Él dijo: «¿Quién eres, Señor?». Y le dijo: «Yo soy Jesús, a quien tú persigues; dura cosa te es dar coces contra el aguijón», Hechos 9: 5 (RV95).
Cuando era niño teníamos una pequeña granja cerca de Boulder, Colorado. Papá compró varias vacas lecheras para nuestro consumo y también para vender la leche. Fue a comprar las vacas y las llevaba en un remolque, una o dos a la vez, a nuestras cuadras. Ayudarlo fue un gran placer hasta que llegó con Queeney. Cuando papá y yo la bajamos del remolque, se fue al comedero. Poco después giró, me vio, y comenzó a correr hacia mí. Yo también corrí y salté la cerca; estuvo a punto de alcanzarme.
Sentí mucho miedo, así que siempre tuve cuidado de no cruzarme en su camino. Pero cuando me veía aproximarme al corral, se me acercaba. Como nos separaba la cerca, yo la provocaba. Evidentemente lo mismo le había sucedido en su hogar anterior, y no le agradaban los chicos.

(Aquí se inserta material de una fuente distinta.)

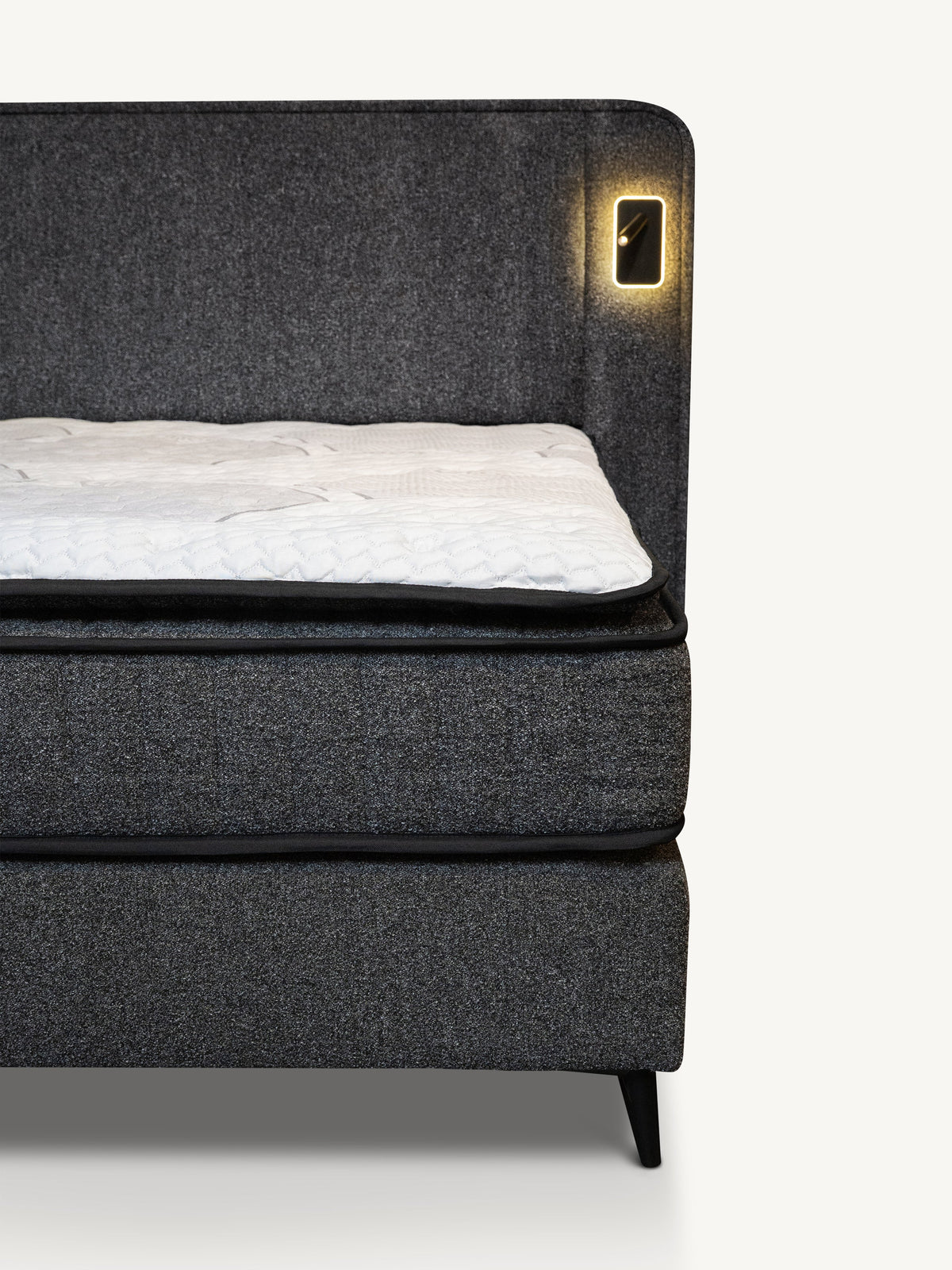A close-up of a dark gray upholstered bed frame with a white mattress topper and a built-in warm light on the headboard, shown against a plain light background.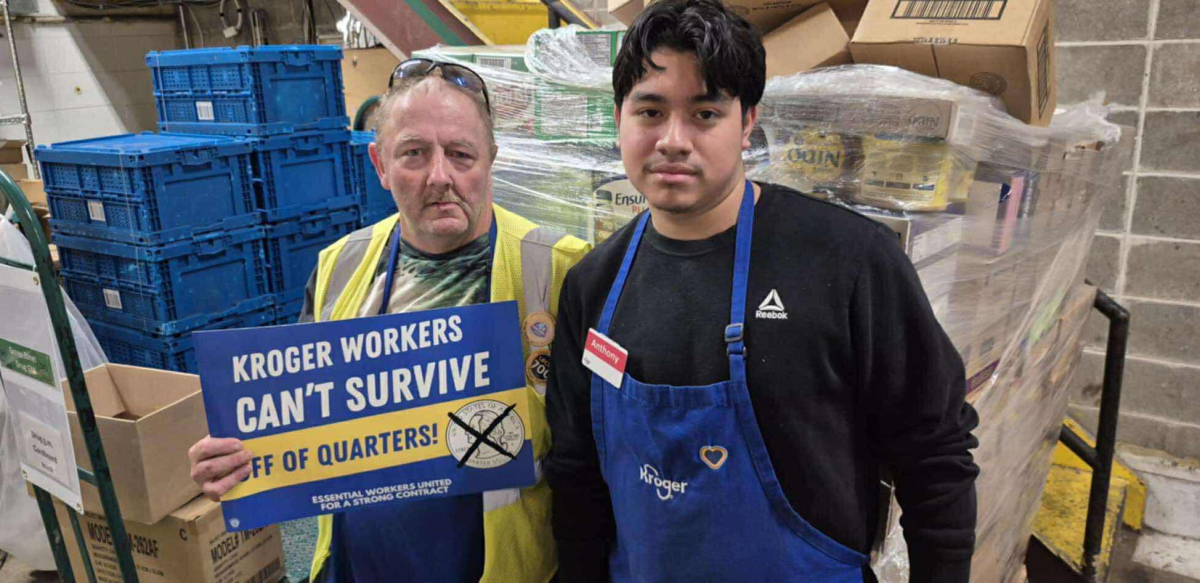 Two Kroger workers stand in front of pallets. One holds a sign that says "Kroger workers can't survive off of quarters."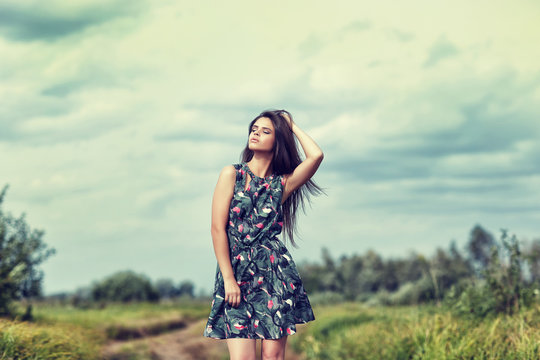 beautiful brunette in a field on a sunny day
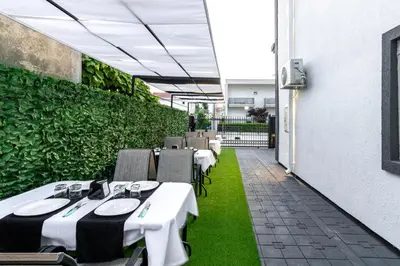 a restaurant with tables and chairs on a patio at Apart-Hotel Prestige in Ulcinj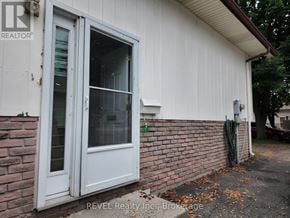 St. Catharines (Lakeport) apartment for rent - A white door with a glass window is on a white house with a brick wall.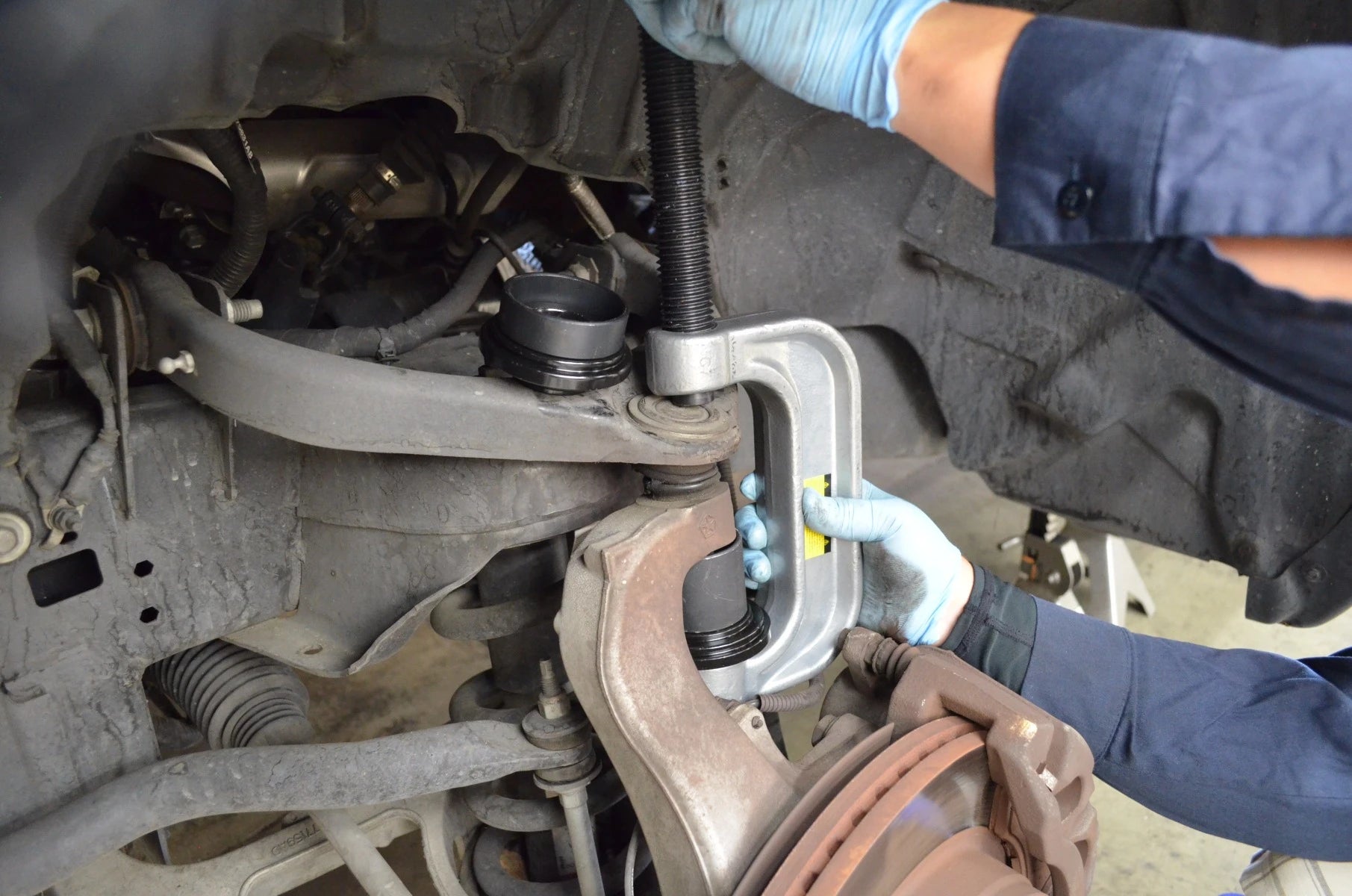 Mechanic using Astro Pneumatic 7897 ball joint C-frame press on vehicle suspension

Algunos meses después un cargamento de tubería se salió del camión y derribó a mi padre; se rompió el tobillo. Se lo enyesaron y no pudo trabajar durante varias semanas. Así que mi madre, mi abuela y yo tuvimos que ordeñar las vacas. Todas eran tranquilas, pero teníamos que sujetar a Queeney. Mamá ordeñaba las vacas en la mañana y a mí me tocaba en la tarde. La primera vez pasé con mucho cuidado de una vaca a otra. Pero cuando me senté en mi banquito a ordeñar a Queeney, de inmediato supo que tenía un ordeñador diferente. Volteó la mirada, me vio, y aun sujeta comenzó a dar coces. Me refugié entre dos vacas cercanas. ¡Caray, qué coces tan fuertes! Sentí alivio de no haber salido herido. Mamá terminó de ordeñar a Queeney y yo jamás volví a tocarla.
Saulo perseguía a los cristianos pero Dios al final lo detuvo, y le preguntó por qué. Le dijo a Saulo que no debía dar coces contra él. Queeney estuvo a punto de darme una coz porque soy humano, pero nosotros no podemos darle coces a Dios. Él nos invita, como invitó a Saulo, a buscarlo y aceptarlo. Acepta hoy invitación.